1. Buy her a dozen roses.
The Doctor held the bouquet at arm’s length, sniffing it gingerly for some sign of poison or explosives or anything else likely to put a crimp on her day. Once she was satisfied that it was merely a harmless armful of roses sprayed with some sort of cheap daisy perfume, she lay them back down in their box, an elegant silk-lined affair that had arrived anonymously that morning. Immediately, as if on cue, the phone rang.
“Aren’t these left over from your business with the Autons?” she said into the receiver, without bothering to wait for an introduction. “Don’t even try to deny it, they’re made of plastic. You didn’t even scent them with the right perfume. And, seeing as how you tried to kill my friend with one of these, I really don’t think they count as a proper romantic gift under any circumstances.”
The other end of the line hung up.
2. Take her someplace special.
“Hold on,” the Doctor said, holding her head and looking a little wobbly – perfectly understandable after having been chloroformed and dragged through time and space in the Master’s TARDIS. “Hold on, isn’t this the St. Valentine’s Day Massacre?”

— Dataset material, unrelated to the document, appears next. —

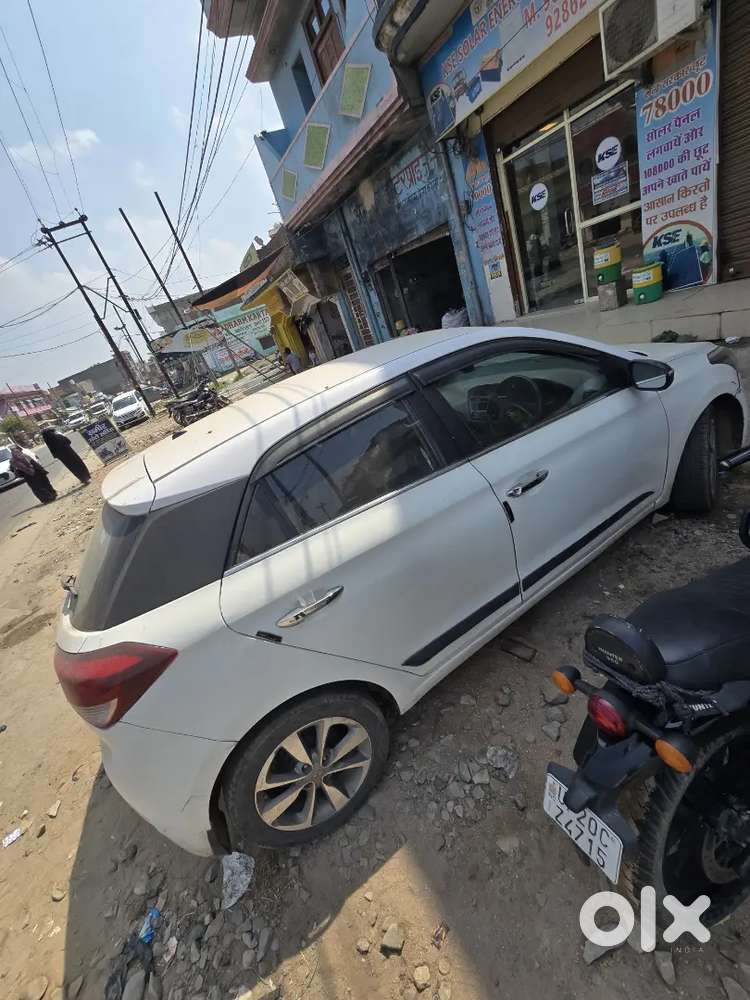 Hyundai Asta Top I20 2015 Car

Before he could answer, she stomped back into the Console Room of his TARDIS and locked him out.
3. Win her a giant stuffed animal.
It was like a giant elephant in the room. A giant, fluffy stuffed elephant with three tusks, six legs, a long furry tail, and underdeveloped paper-thin wings, all neatly tied with a large pink bow around its neck.
“Is that a Tiluvian Grounded Oliphaunt?” the Doctor asked.

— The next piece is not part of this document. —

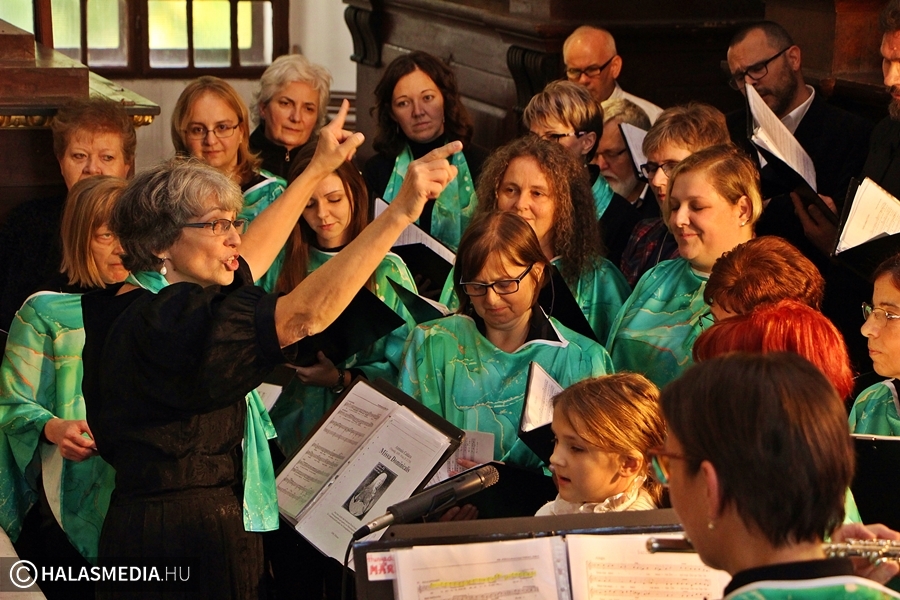 Együtt ünnepeltek a volt és jelenlegi kórustagok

The Master smiled, a little smug and pleased that finally, something had gone right. “As matter of fact, my dear Doctor, it is. I procured it at-“
She touched an ear lightly, marveling at the detail of the reproduction. “Aren’t these almost extinct?”
He coughed, delicately. “I wouldn’t say almost.”
She shot him a horrified look. “You didn’t.”
“Oh, but I-“
She slammed the TARDIS door on him. After a minute, she stomped back out and took the last of the Oliphaunts with her – the least she could do was donate it to a museum.
4. Give her jewelry.
“The Crown Jewels?” This time, the Doctor aimed an exasperated shove at the Master before gathering up the precious relics and flouncing off to her TARDIS to return them.
(But not before she tried on at least one crown – for science, you know.)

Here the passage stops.